Accepts an optional meeting path or slug; if not provided, operates on the most recently processed meeting.

---

## Step 1: Wait for processing, then resolve the meeting

Poll `minutes jobs --json --limit 1` every 15 seconds until the most recent job reaches `state: "complete"` (or `"failed"`). Cap at 20 minutes — report timeout and stop if not complete. On failure, report the error and stop.

Once complete, its `output_path` is the meeting file. If a path or slug was provided, use that instead. Read the full frontmatter: `title`, `date`, `duration`, `speaker_map`, `attendees`, `action_items`, `recorded_by`.
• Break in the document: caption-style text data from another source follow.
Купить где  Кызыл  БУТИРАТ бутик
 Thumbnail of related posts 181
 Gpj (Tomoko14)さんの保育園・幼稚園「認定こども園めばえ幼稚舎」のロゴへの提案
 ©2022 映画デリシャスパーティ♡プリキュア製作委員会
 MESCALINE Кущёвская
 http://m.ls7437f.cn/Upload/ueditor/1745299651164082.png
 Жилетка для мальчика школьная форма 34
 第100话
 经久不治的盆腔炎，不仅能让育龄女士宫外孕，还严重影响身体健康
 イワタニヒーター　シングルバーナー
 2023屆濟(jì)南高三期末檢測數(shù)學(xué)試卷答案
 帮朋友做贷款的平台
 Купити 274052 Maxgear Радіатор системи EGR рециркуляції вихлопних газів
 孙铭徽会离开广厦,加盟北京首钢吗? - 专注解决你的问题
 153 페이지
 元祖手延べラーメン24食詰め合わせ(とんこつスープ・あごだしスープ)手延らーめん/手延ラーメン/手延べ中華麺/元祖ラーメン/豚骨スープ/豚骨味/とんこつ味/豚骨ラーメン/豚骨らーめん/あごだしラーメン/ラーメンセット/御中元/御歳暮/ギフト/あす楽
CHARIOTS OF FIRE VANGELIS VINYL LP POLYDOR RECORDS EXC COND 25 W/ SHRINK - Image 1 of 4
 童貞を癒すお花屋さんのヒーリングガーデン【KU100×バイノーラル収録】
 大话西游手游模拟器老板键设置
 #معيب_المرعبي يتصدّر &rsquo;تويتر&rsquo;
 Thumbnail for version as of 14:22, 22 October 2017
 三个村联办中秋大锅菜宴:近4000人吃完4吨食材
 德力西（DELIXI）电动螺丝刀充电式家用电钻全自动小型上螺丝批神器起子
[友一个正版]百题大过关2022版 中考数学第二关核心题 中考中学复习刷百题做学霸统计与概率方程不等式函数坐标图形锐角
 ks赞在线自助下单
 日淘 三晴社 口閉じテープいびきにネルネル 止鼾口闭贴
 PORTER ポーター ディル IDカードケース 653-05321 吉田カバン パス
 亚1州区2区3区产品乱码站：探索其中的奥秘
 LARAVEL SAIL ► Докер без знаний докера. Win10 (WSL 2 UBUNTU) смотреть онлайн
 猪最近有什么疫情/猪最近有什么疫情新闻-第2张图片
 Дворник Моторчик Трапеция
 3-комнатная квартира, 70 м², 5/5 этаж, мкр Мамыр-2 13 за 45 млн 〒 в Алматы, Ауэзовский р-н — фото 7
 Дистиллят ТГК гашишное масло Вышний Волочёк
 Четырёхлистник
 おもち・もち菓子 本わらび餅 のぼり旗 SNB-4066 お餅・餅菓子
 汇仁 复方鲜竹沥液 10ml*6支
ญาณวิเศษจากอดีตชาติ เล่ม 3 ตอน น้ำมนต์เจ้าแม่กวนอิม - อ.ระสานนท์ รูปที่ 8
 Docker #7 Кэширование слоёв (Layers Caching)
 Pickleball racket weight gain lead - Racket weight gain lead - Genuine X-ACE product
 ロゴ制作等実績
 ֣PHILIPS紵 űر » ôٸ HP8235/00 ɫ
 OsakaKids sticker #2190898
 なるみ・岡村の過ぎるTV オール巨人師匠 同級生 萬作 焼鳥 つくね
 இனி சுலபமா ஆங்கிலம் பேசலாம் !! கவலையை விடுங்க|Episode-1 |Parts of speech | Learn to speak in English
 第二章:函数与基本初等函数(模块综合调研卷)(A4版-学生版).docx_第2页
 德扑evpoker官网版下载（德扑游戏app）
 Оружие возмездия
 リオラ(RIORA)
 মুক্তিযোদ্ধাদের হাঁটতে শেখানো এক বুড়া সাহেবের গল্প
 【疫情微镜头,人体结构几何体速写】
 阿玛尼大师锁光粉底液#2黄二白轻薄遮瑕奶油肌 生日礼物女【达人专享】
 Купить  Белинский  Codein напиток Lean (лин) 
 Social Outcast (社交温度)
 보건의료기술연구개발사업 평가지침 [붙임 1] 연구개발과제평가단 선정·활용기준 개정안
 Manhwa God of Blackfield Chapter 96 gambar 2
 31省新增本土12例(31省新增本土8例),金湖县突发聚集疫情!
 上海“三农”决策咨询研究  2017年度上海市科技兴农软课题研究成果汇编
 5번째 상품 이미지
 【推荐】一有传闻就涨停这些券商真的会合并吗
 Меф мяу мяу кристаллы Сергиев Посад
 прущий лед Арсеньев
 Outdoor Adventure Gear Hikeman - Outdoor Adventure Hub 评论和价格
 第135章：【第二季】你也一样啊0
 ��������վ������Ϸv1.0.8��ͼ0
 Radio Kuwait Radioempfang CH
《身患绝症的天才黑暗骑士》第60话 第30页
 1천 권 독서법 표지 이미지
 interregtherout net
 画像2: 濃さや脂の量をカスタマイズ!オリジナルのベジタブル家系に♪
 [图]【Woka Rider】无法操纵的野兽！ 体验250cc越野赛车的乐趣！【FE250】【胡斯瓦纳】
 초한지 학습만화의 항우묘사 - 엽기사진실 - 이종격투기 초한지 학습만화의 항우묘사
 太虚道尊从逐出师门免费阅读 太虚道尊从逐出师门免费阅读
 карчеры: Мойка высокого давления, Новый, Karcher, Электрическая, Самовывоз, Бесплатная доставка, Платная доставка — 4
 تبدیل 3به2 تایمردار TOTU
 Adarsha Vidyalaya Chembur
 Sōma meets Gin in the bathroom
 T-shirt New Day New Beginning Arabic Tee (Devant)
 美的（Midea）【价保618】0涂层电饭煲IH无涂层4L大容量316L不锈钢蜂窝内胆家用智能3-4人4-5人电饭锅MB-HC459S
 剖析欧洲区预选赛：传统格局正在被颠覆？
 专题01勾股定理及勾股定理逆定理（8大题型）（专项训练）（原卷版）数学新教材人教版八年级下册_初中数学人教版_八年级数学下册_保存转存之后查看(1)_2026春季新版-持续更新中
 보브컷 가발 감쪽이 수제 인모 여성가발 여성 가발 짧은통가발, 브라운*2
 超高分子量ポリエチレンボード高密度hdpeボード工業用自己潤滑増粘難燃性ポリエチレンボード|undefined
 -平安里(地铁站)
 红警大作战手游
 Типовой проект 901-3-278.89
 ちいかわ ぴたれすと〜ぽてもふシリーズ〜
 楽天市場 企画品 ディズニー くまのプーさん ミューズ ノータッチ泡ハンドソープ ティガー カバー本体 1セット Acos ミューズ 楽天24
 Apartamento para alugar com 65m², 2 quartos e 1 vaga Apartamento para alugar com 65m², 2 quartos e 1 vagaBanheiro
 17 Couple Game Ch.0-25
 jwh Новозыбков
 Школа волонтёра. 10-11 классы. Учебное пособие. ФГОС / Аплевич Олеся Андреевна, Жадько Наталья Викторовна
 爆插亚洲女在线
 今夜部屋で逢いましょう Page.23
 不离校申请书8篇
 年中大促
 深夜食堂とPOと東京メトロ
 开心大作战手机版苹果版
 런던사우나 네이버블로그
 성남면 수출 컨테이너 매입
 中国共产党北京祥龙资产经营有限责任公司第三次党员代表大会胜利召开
**If re-processing is needed** (e.g. to use a better model or to pick up sibling stems): `minutes process` will fail with "Ill-formed WAVE file" if the base `.wav` is a QuickTime/AAC file (common with ReplayKit captures). The sibling `.voice.wav` and `.system.wav` stems are valid RIFF WAVs but are ignored when the base file fails. Workaround: convert the base file with `ffmpeg -i <slug>.wav -ar 16000 -ac 1 -c:a pcm_s16le <slug>_converted.wav`, then copy it over the original (`mv <slug>_converted.wav <slug>.wav`) so `minutes process` finds a valid RIFF file alongside the existing stems.

---

## Step 2: Update the title

Use your `calendar` capability to list non-all-day, non-Busy events in a ±90-minute window around the meeting's `date` field. Pass **local time** to the query bounds.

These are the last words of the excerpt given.